As they ate, some tacit agreement having been made not to discuss Chiara’s remark further that evening, Brunetti told her what was said to have happened in Campo Santo Stefano: two men, though no one seemed to have paid much attention to them, appeared out of the darkness and slipped back into it after shooting the African at least five times. It was an execution, not a murder, and certainly there was nothing random about it. ‘He didn’t have a chance, poor devil,’ Brunetti said.

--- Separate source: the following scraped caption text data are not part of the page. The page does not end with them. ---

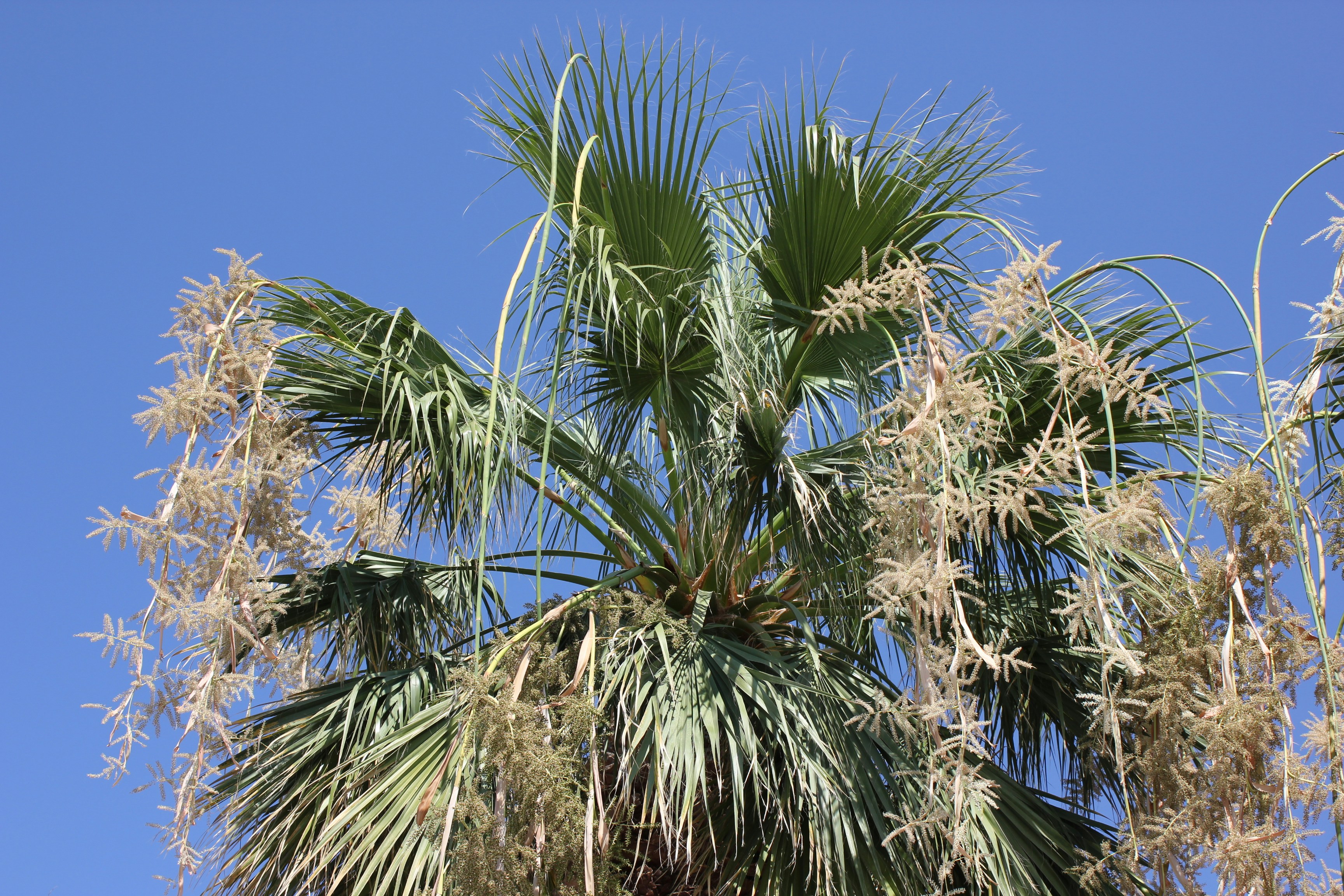 Sunny holiday Greek Island Crete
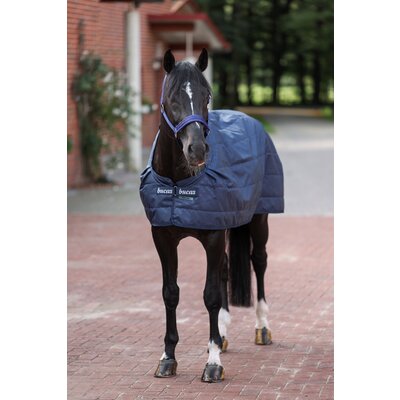 bucas Unterdecke Liner
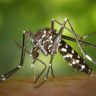 Dengue Vaccine : भारतात डेंग्यूविरोधातील पहिल्या लसीला मंजुरी; 'क्युडेन्गा' लशीबाबत जाणून घ्या 5 महत्त्वाच्या गोष्टी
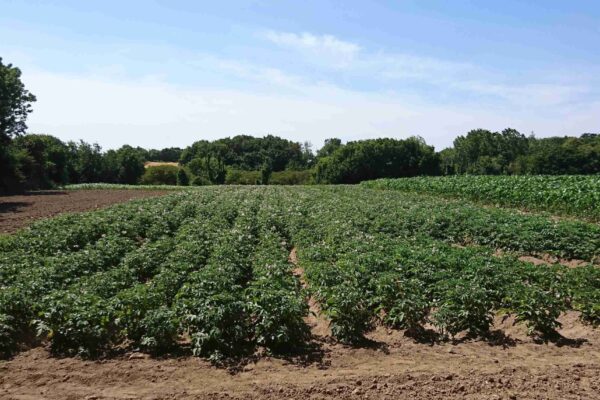 NUTRITION_ferti pdt NUTRITION_ferti pdt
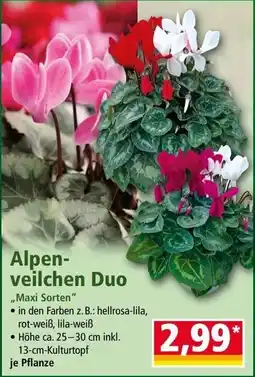 Norma Alpen-veilchen Duo Angebot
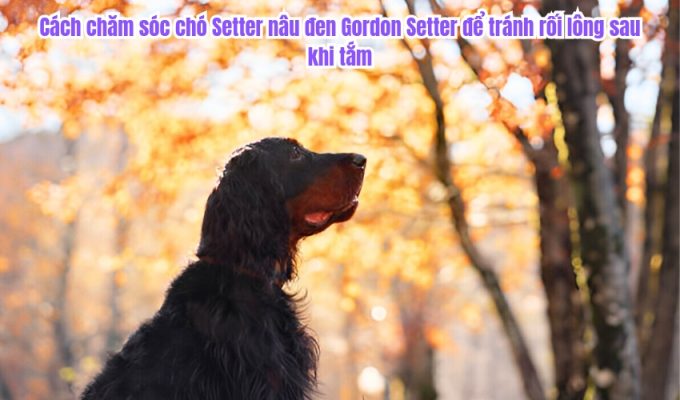 Cách chăm sóc chó Setter nâu đen Gordon Setter để tránh rối lông sau khi tắm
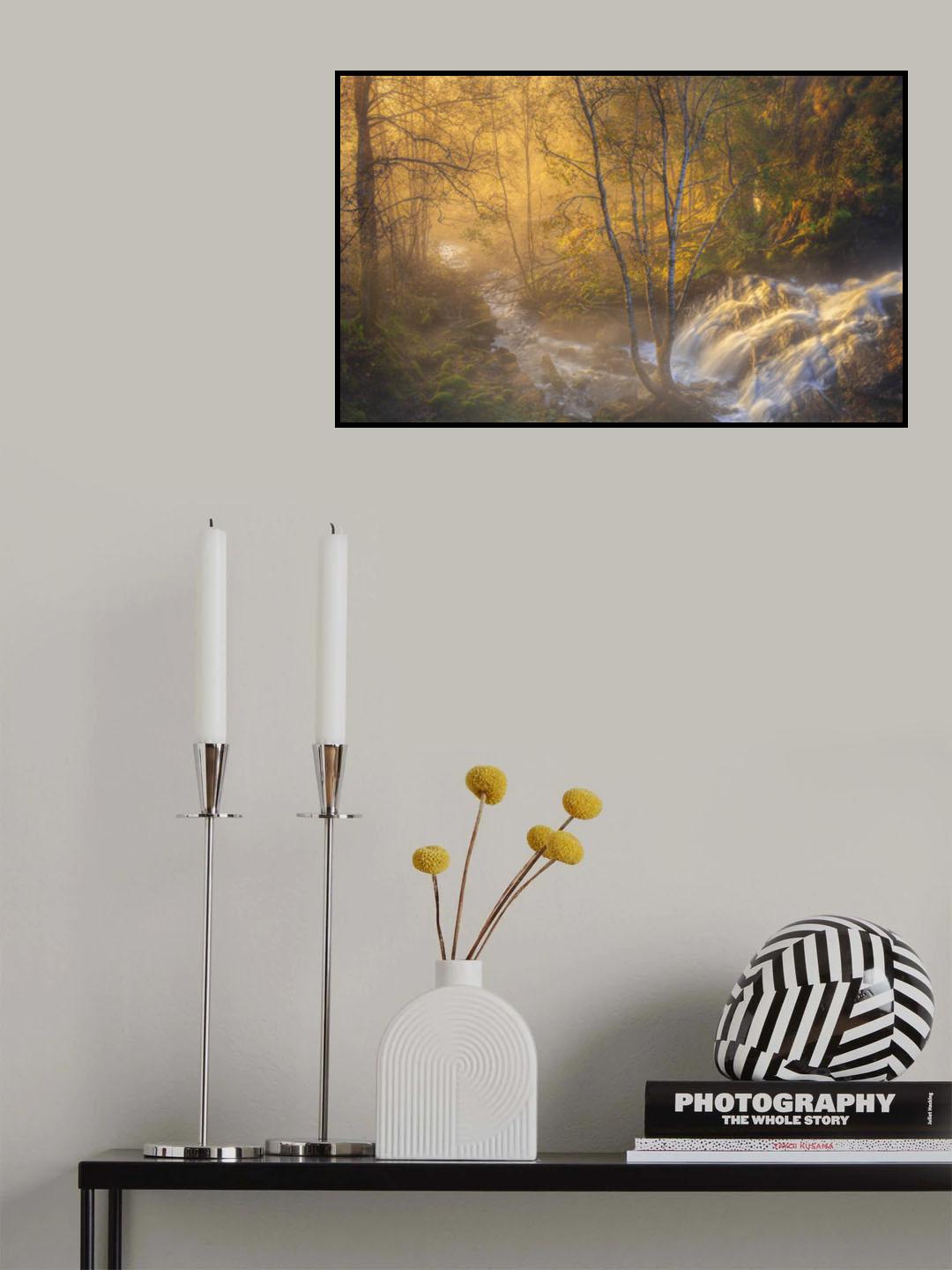 First light Poster och Canvastavla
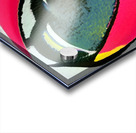 3836 8K Acrylic print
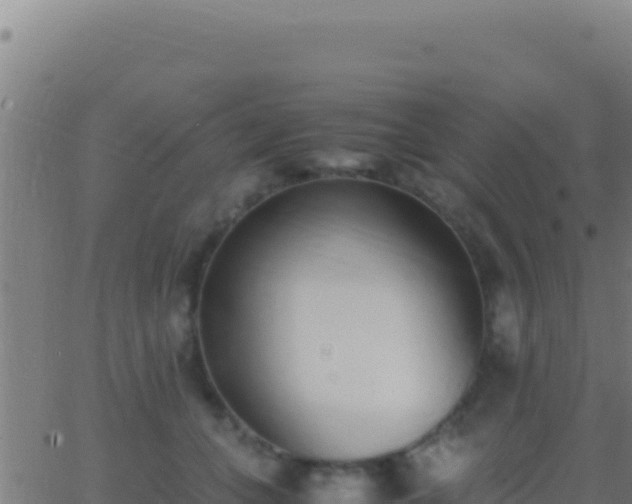 X0000062930559200601202029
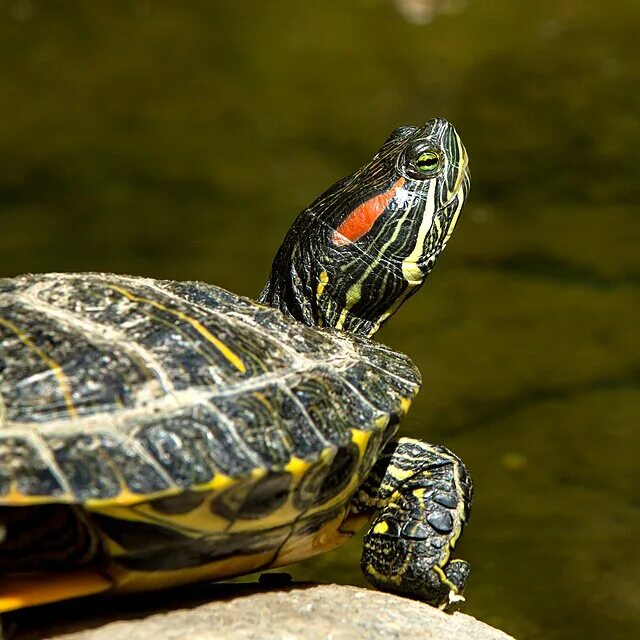 Красная черепаха фото Файл:Red-eared Slider (14585091976).jpg - Википедия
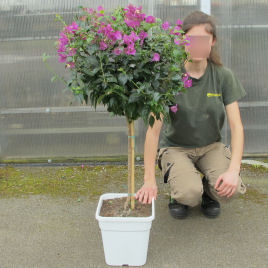 Bougainvillea glabra malva 1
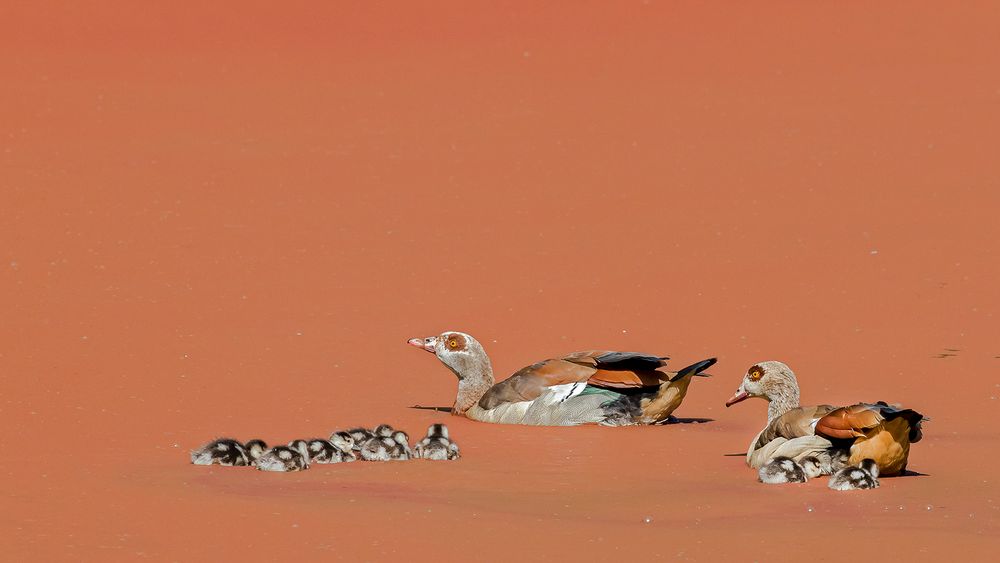 Invasive Nilgänse kann fast nix erschrecken!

‘Who would want to do something like that? And to a vu cumprà ?’ Paola asked. ‘And why?’
These were the questions that had accompanied Brunetti on his walk home. ‘Seems to me that it’s either because of something he did after he got here or something he did before,’ Brunetti said, though he knew this was merely to state the obvious.
‘That doesn’t help much, does it?’ Paola asked, but it was an observation, not a criticism.
‘No, but it’s a place to begin to divide the things we might be looking for.’
Paola, always comfortable when presented with an exercise in logic, said, ‘Begin by examining what you know about him. Which is?’
‘Absolutely nothing,’ Brunetti answered.
‘That’s not true.’
‘What?’
‘You know he was a black African, and you know he was working as a vu cumprà , or whatever we’re supposed to call them now.’
‘ Venditore ambulante or extracomunitario ,’ Brunetti supplied.
‘That’s about as helpful as “ Operatore ecologico” ,’ she answered.
‘Huh?’
‘Garbage man,’ Paola translated. She got to her feet and left the room. When she came back, she had a bottle of grappa and two small glasses. As she poured, she said, ‘So let’s just call him a vu cumprà to save time and confusion, all right?’
Brunetti thanked her for the grappa with a nod, took a sip, and asked, ‘What else do you think we know?’
‘You know that none of the others stayed to try to help him or to help the police in any way.’
‘I’d guess they saw he was dead when he fell.’
‘Would it have been that obvious?’
‘I think so, yes.’
‘And so you know it was an execution,’ Paola went on, ‘not the result of a fight or an argument that provoked it suddenly. Someone wanted him dead and either sent people to do it or came and did it himself.’
‘I’d say he sent people,’ Brunetti offered.
‘How can you tell?’
‘It has that feel about it, the work of professionals. They appeared out of nowhere, executed him, and disappeared.’